Bianca
Tore Rye Andersen
torerye at hotmail.com
Thu Nov 9 03:04:30 CST 2006
>From: "Carvill John"
>[...] I still have no idea why Pynchon would choose to have his protagonist
>(such as Slothrop is) do such a thing, and why there seems to be a theme of
>sex with underage girls running through not just GR but Pynchon in general.
>It's disturbing and very unattractive and - to me anyway - inexplicable and
>hard to take.
David Rando makes an interesting point in his article "Reading Gravity's
Rainbow After September Eleventh: An Anecdotal Approach" (from the journal
Postmodern Culture, 13.1, 2002). Rando takes this quote about Zwölfkinder
from the Pökler-chapter as his starting point:
"In a corporate State, a place must be made for innocence, and its many
uses. In developing an official version of innocence, the culture of
childhood has proven invaluable. Games, fairy-tales, legends from history,
all the paraphernalia of make-believe can be adapted and even embodied in a
physical place, such as at Zwölfkinder." (etc., etc., GR, p. 419)

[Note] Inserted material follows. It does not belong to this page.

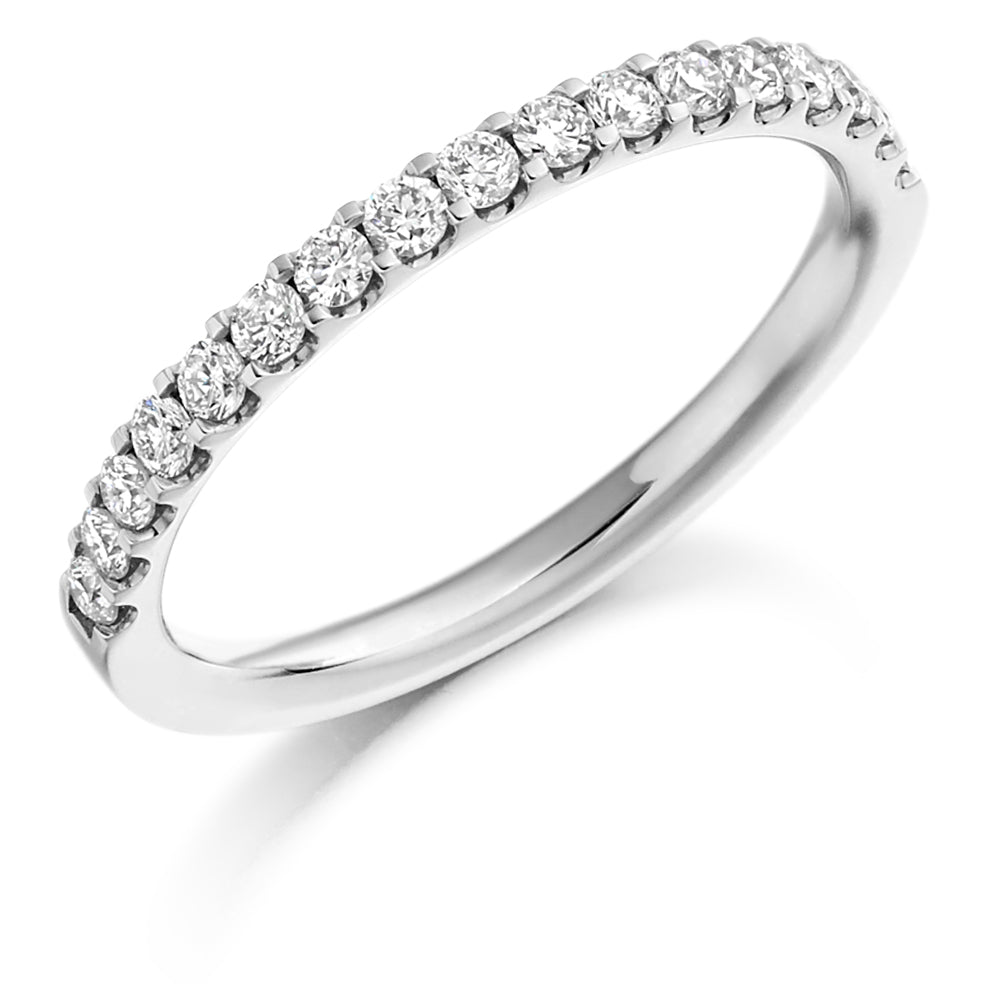 18ct Et Wh 17st .33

Rando also touches upon Ludwig, Ilse, and the disturbing scene with Bianca,
and he then goes on to argue that "the manipulation of children in Gravity's
Rainbow should be read as a means of resisting the state's long history of
appropriating the innocence of its children for its prosecution of war." In
other words, the sex-scene with Bianca (which I'd still argue could be read
as a dream) is Pynchon's attempt to deprive the State of its cooptation of
childhood. The soothing image of innocence to be found in places like
Zwölfkinder or Disneyworld is merely, the argument goes, a sophisticated
form of social control, meant to lull us into complacence in times of war,
and the scenes with the seductress Bianca or Ludwig who peddles his ass for
a few pieces of chewing-gum are meant to undermine this sneaky form of
social control.
Rando's argument is an interesting attempt at a rational explanation for
some of the most disturbing elements in GR (more convincing, at least, than
Duyfhuizen's adjustment of Bianca's age) but I haven't really made up my
mind about whether I'm convinced by the argument or not. If Rando's correct,
I still think that the price Pynchon pays for resisting the state's
cooptation of the culture of childhood is somewhat too high.